To do — From the line containing "Hình ảnh kem chuối 1ly" to the last line of the data, both included, transcribe each line exactly, leaving out pictures and adding nothing.

Supplied information —
+++

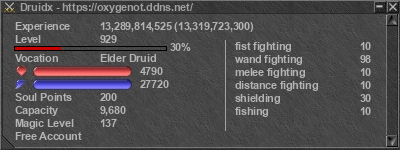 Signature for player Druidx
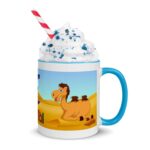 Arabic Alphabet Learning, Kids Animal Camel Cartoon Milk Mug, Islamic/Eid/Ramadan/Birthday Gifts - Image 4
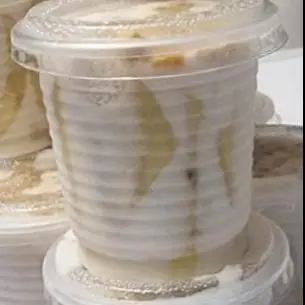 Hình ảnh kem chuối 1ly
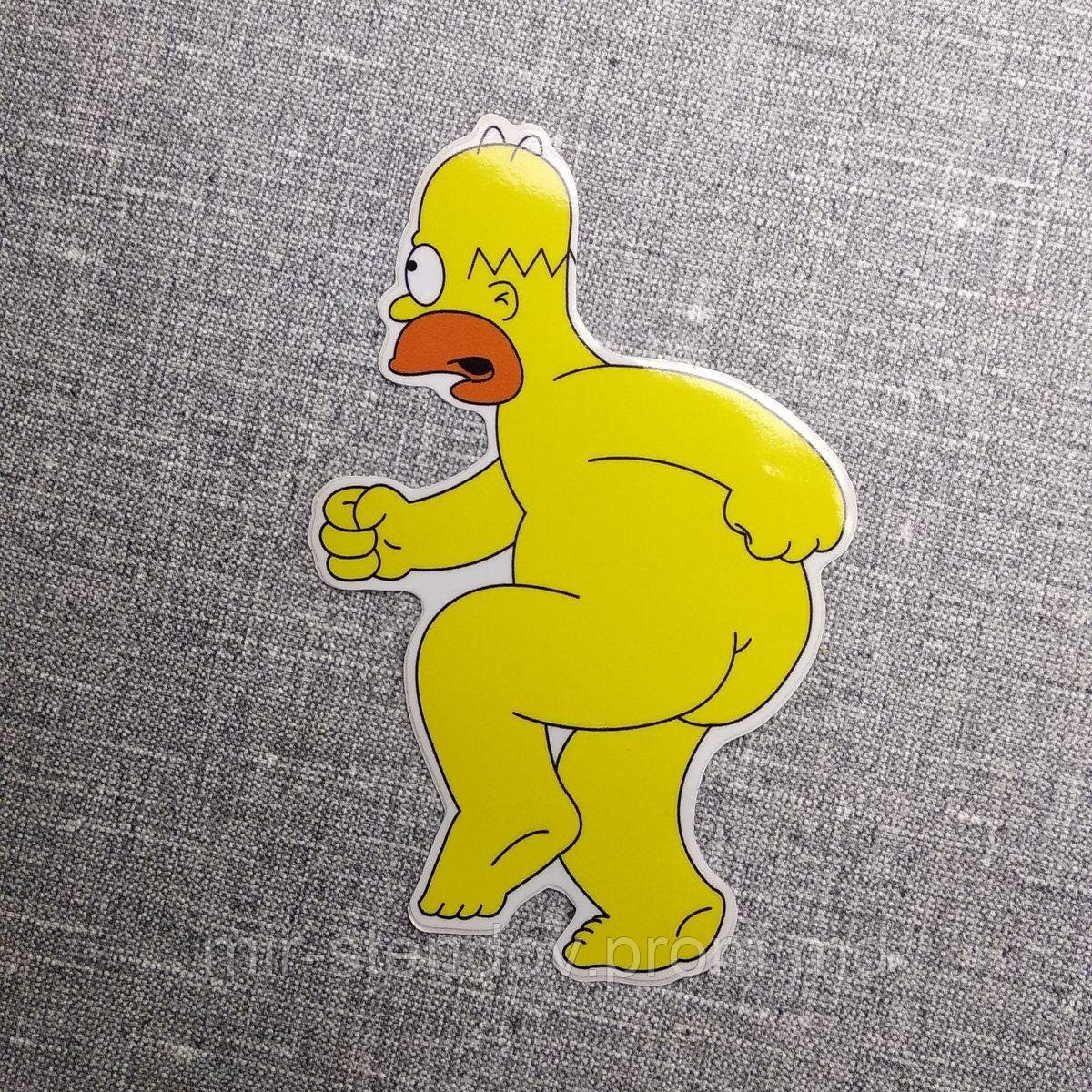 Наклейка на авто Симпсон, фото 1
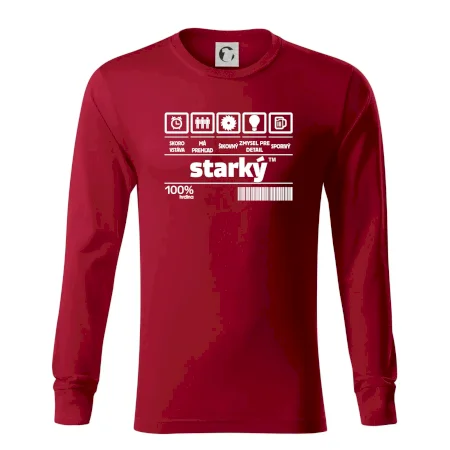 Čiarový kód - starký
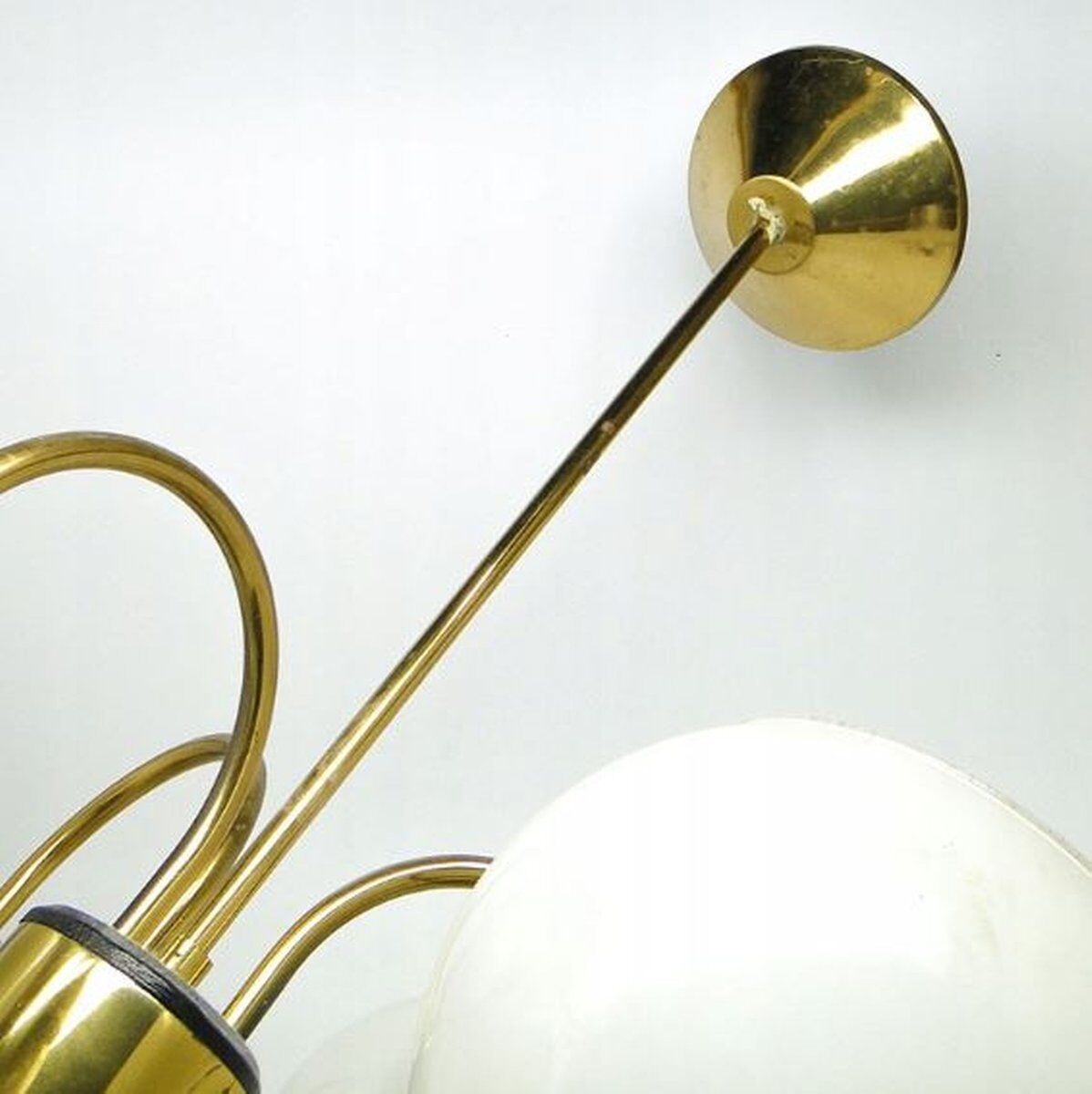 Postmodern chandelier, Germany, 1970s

+++

Answer to this problem —
 Hình ảnh kem chuối 1ly
 Наклейка на авто Симпсон, фото 1
 Čiarový kód - starký
 Postmodern chandelier, Germany, 1970s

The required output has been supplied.